(Records drawn from a dataset)
-----

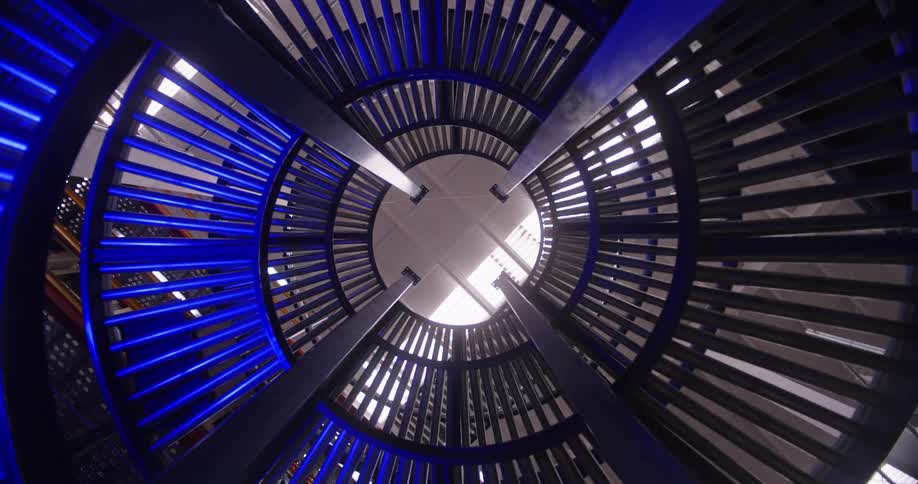 A low-angle, abstract view of a blue-lit, circular industrial machine rotating in a continuous loop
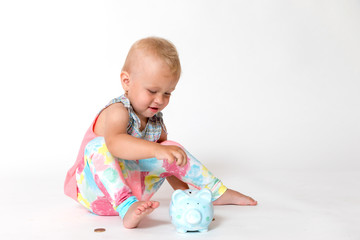 Smiling toddler girl is giving one of the coins to the saving piggy bank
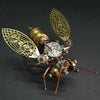 A detailed steampunk mechanical bee model kit featuring brass and bronze metal parts and intricate wings.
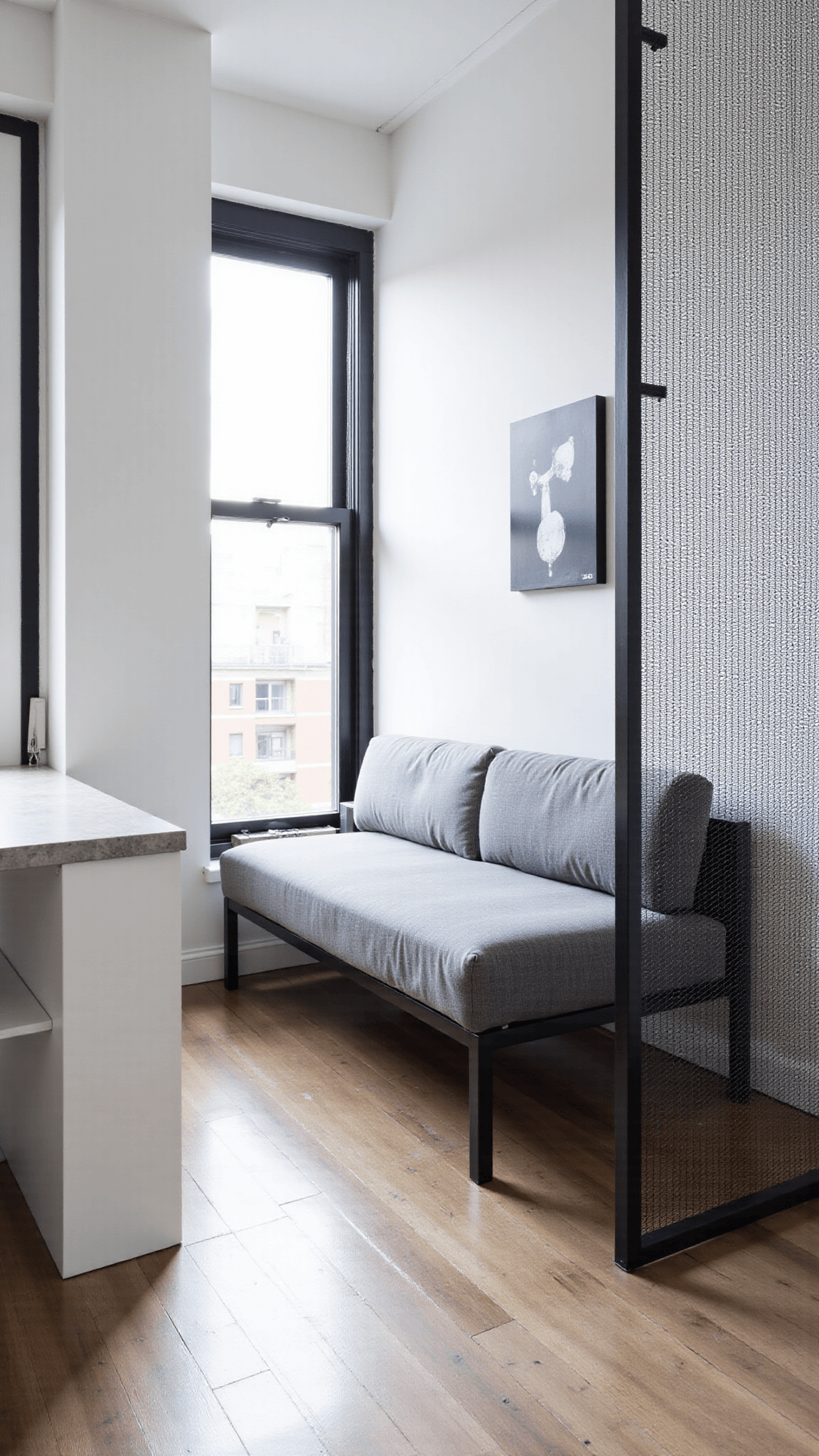 Minimalist city apartment with high-gloss white walls, black steel-framed windows, Murphy bed system, concrete side tables, low-profile gray sofa, and a wire mesh room divider featuring a monochromatic geometric art installation, all bathed in cool morning light.
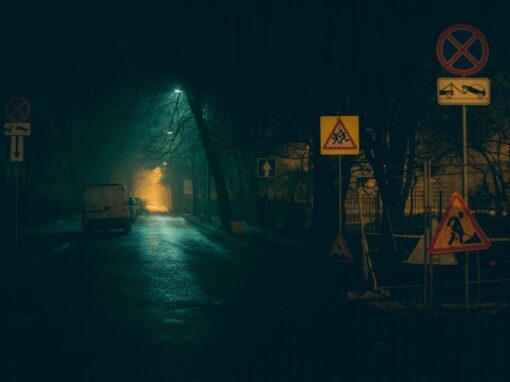 dark street with infrastructure and building signs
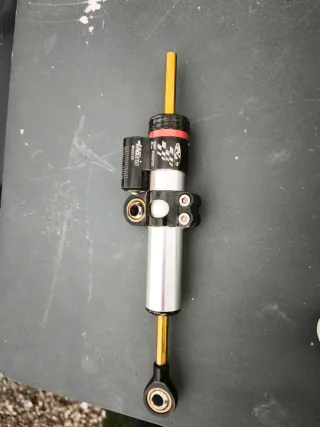 Amortiguador de dirección moto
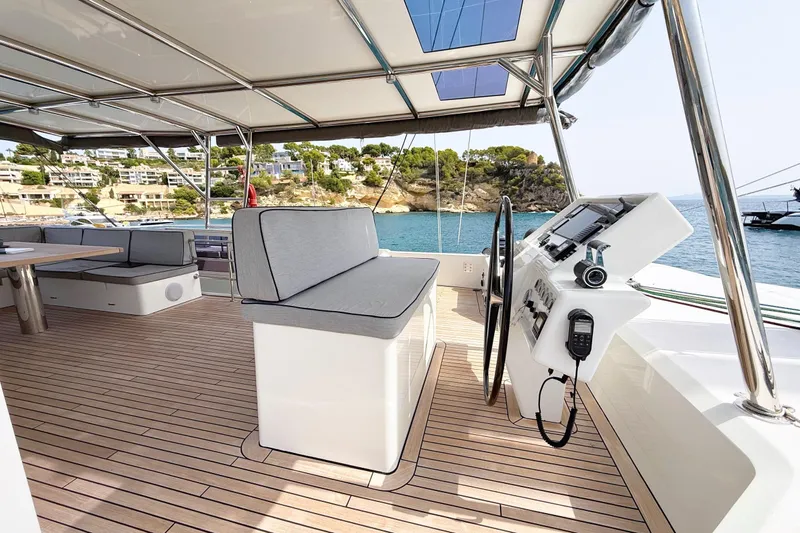 Kailua Yacht Photos Pics Luxurious 2018 Sunreef 74 yacht deck with modern seating and navigation controls.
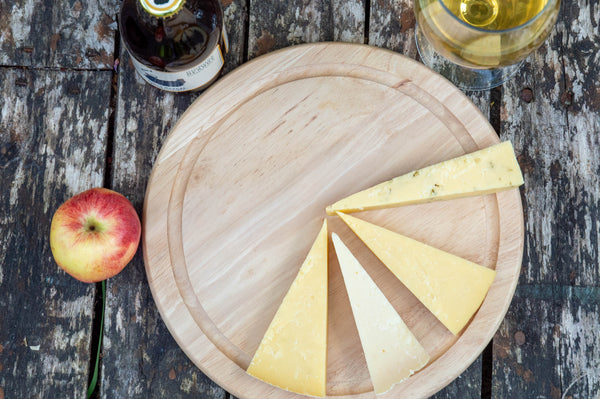 Wooden board with sliced cheese and an apple on a rustic wooden table.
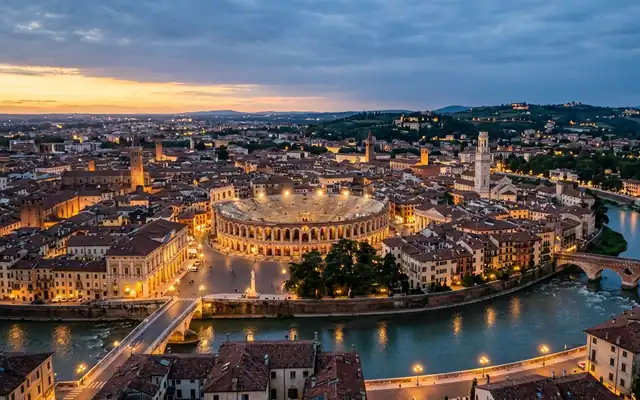 The Roman Arena amid Verona's terracotta rooftops by the Adige river at dusk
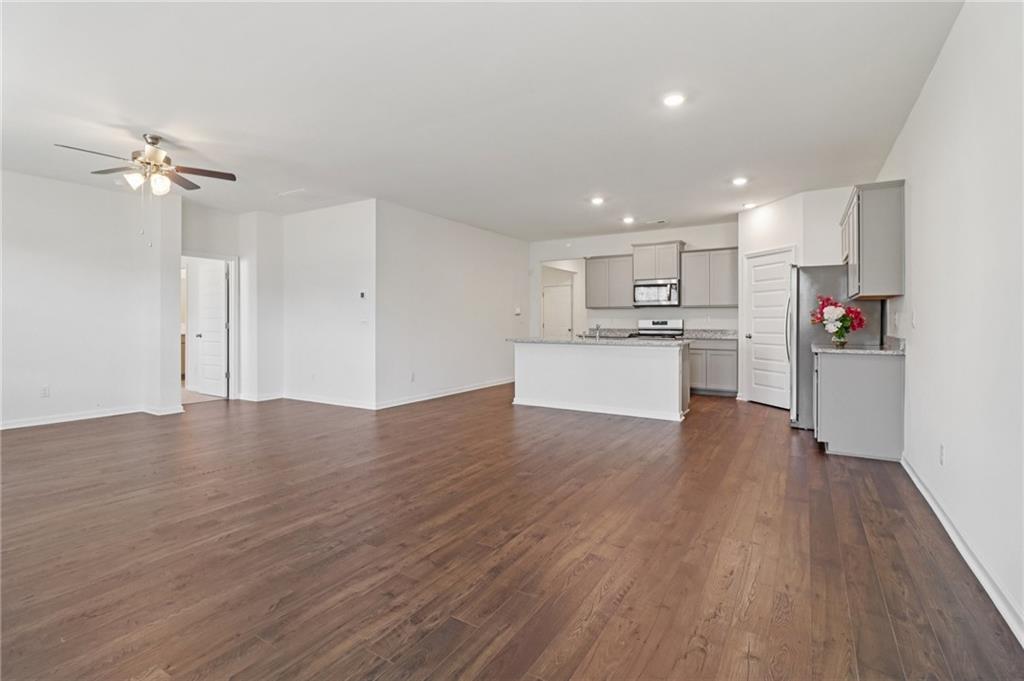 1729 Limousin Way Stockbridge, GA 30281 - Photo 7 of 26 a view of a kitchen with wooden floor and a refrigerator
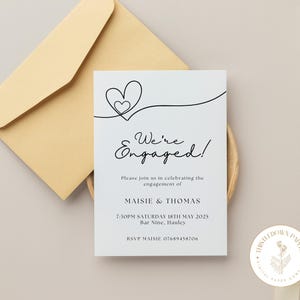 Puede incluir: Una tarjeta de anuncio de compromiso blanca con un dibujo de línea negra de dos corazones entrelazados. El texto dice "We're Engaged!" e incluye los nombres de la pareja, la fecha, la hora y el lugar de la celebración. También se incluye la información de RSVP.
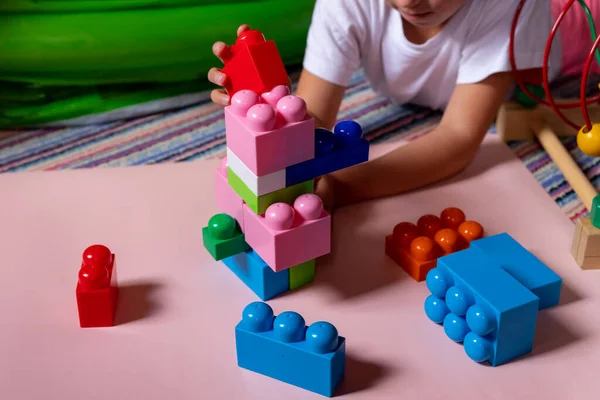 Lchild playing with construction toy blocks, building a tower in kindergarten. Children at day care. Child and toys.Educational toy for preschool and kindergarten child.Development Concept — Stock Photo, Image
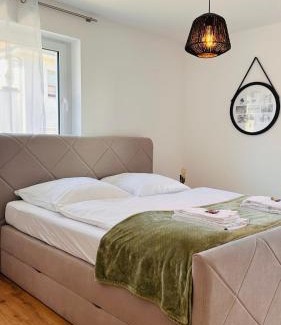 Elgersweier Apartamento | AMAO Pearl - Rollstuhlgerechte Suite - 94 qm - Balkon & Tiefgarage - Aufzug - Nähe Messe - bis 10 Pers 2Whg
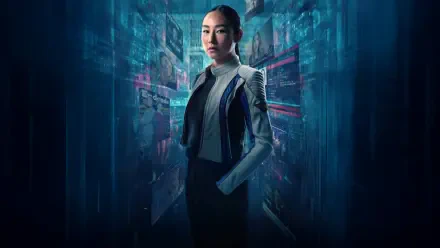 Tron: Ares 4K Ultra HD PC wallpaper — a poised woman in a futuristic jacket stands in a neon-blue digital corridor lined with holographic code and glowing circuitry.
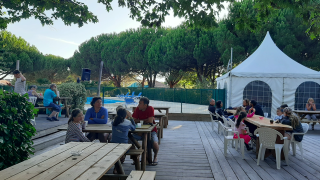 Zona de comedor al aire libre con mesas de madera y familias en Village Seasonova Bassin d'Arcachon.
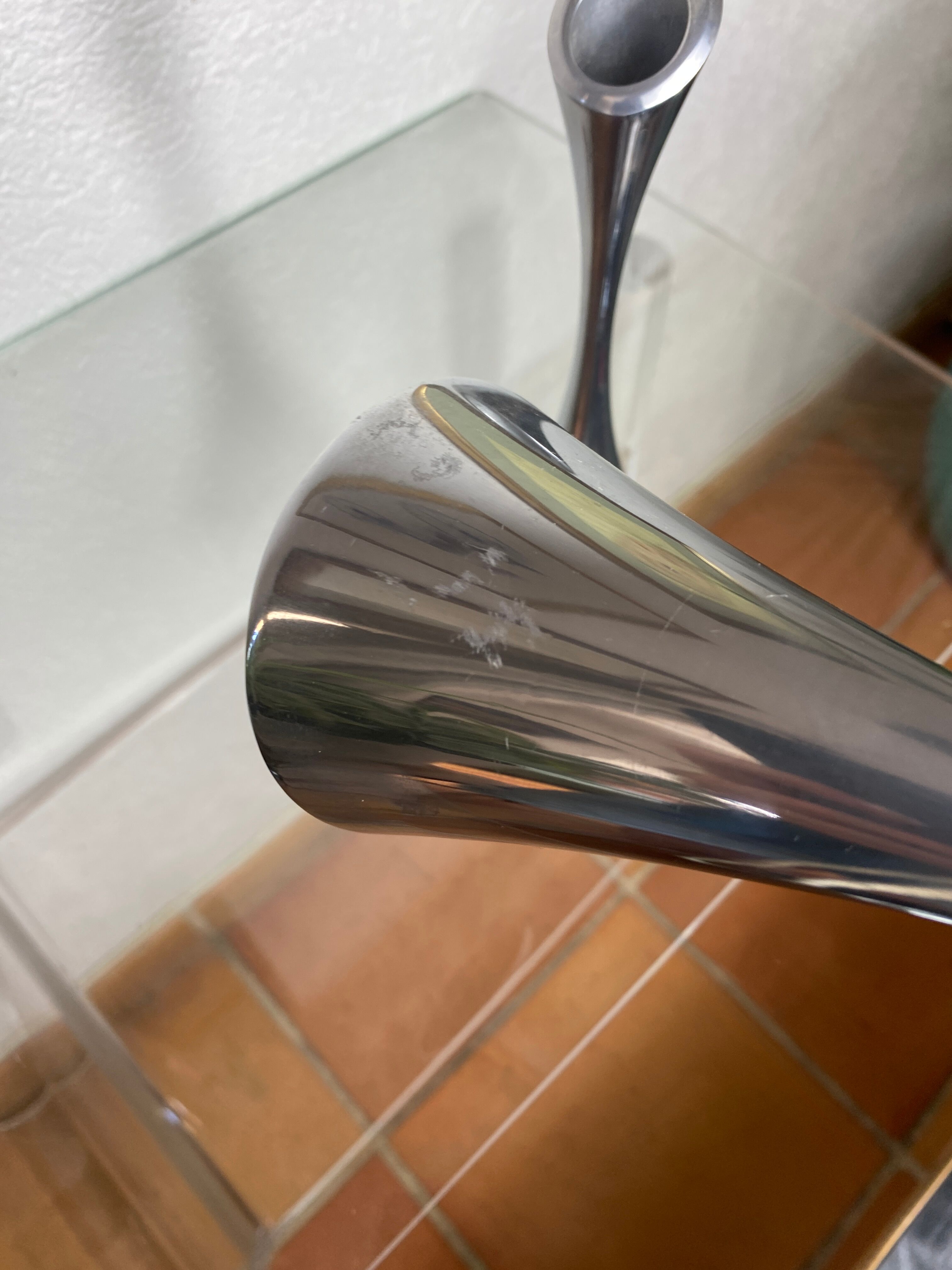 Pair of designer candle holders in stainless steel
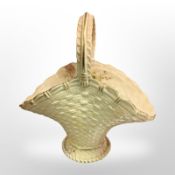 A Royal Worcester blush ivory basket, shape number 993, height 19cm.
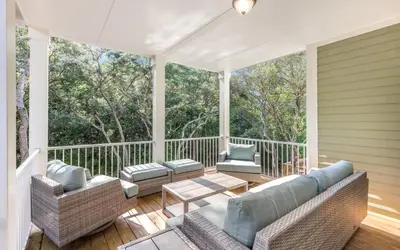a screened porch with couches and a table and chairs at Lofty Oasis by Oversee 30A in Santa Rosa Beach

-----

Goal of the exercise: Each entry is to be given again exactly as it stands, with its pictures removed.

Output:
 A low-angle, abstract view of a blue-lit, circular industrial machine rotating in a continuous loop
 Smiling toddler girl is giving one of the coins to the saving piggy bank
 A detailed steampunk mechanical bee model kit featuring brass and bronze metal parts and intricate wings.
 Minimalist city apartment with high-gloss white walls, black steel-framed windows, Murphy bed system, concrete side tables, low-profile gray sofa, and a wire mesh room divider featuring a monochromatic geometric art installation, all bathed in cool morning light.
 dark street with infrastructure and building signs
 Amortiguador de dirección moto
 Kailua Yacht Photos Pics Luxurious 2018 Sunreef 74 yacht deck with modern seating and navigation controls.
 Wooden board with sliced cheese and an apple on a rustic wooden table.
 The Roman Arena amid Verona's terracotta rooftops by the Adige river at dusk
 1729 Limousin Way Stockbridge, GA 30281 - Photo 7 of 26 a view of a kitchen with wooden floor and a refrigerator
 Puede incluir: Una tarjeta de anuncio de compromiso blanca con un dibujo de línea negra de dos corazones entrelazados. El texto dice "We're Engaged!" e incluye los nombres de la pareja, la fecha, la hora y el lugar de la celebración. También se incluye la información de RSVP.
 Lchild playing with construction toy blocks, building a tower in kindergarten. Children at day care. Child and toys.Educational toy for preschool and kindergarten child.Development Concept — Stock Photo, Image
 Elgersweier Apartamento | AMAO Pearl - Rollstuhlgerechte Suite - 94 qm - Balkon & Tiefgarage - Aufzug - Nähe Messe - bis 10 Pers 2Whg
 Tron: Ares 4K Ultra HD PC wallpaper — a poised woman in a futuristic jacket stands in a neon-blue digital corridor lined with holographic code and glowing circuitry.
 Zona de comedor al aire libre con mesas de madera y familias en Village Seasonova Bassin d'Arcachon.
 Pair of designer candle holders in stainless steel
 A Royal Worcester blush ivory basket, shape number 993, height 19cm.
a screened porch with couches and a table and chairs at Lofty Oasis by Oversee 30A in Santa Rosa Beach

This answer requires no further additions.